*** Block opens ***

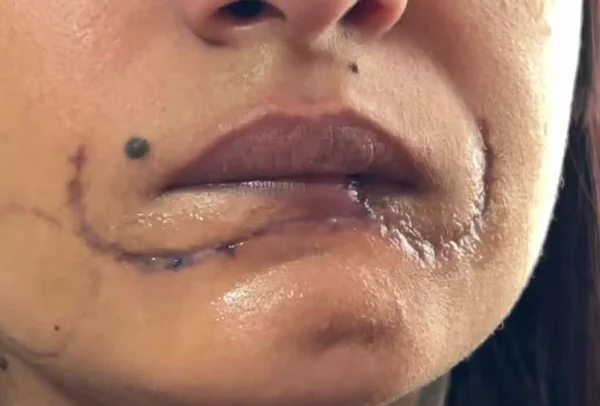 Mulher perde metade do lábio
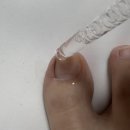 이지솔루션 | 발톱 곰팡이균 관리, 집에서 가능할까? 이지힐보이델라 퍼펙트케어 솔루션 앰플 솔직 후기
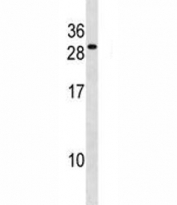 FADD antibody western blot analysis in WiDr lysate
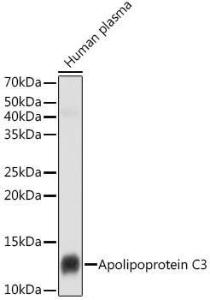 Western blot analysis of extracts of Human plasma cells, using Anti-Apolipoprotein CIII Antibody [ARC1886] (A307674) at 1:1000 dilution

*** Block closes ***

## Exercise goal:
The output should be the lines from the one with "이지솔루션 | 발톱 곰팡이균" through the end of the material above, both ends included, printed exactly and nothing else. Drop the pictures.

## Written response:
 이지솔루션 | 발톱 곰팡이균 관리, 집에서 가능할까? 이지힐보이델라 퍼펙트케어 솔루션 앰플 솔직 후기
 FADD antibody western blot analysis in WiDr lysate
 Western blot analysis of extracts of Human plasma cells, using Anti-Apolipoprotein CIII Antibody [ARC1886] (A307674) at 1:1000 dilution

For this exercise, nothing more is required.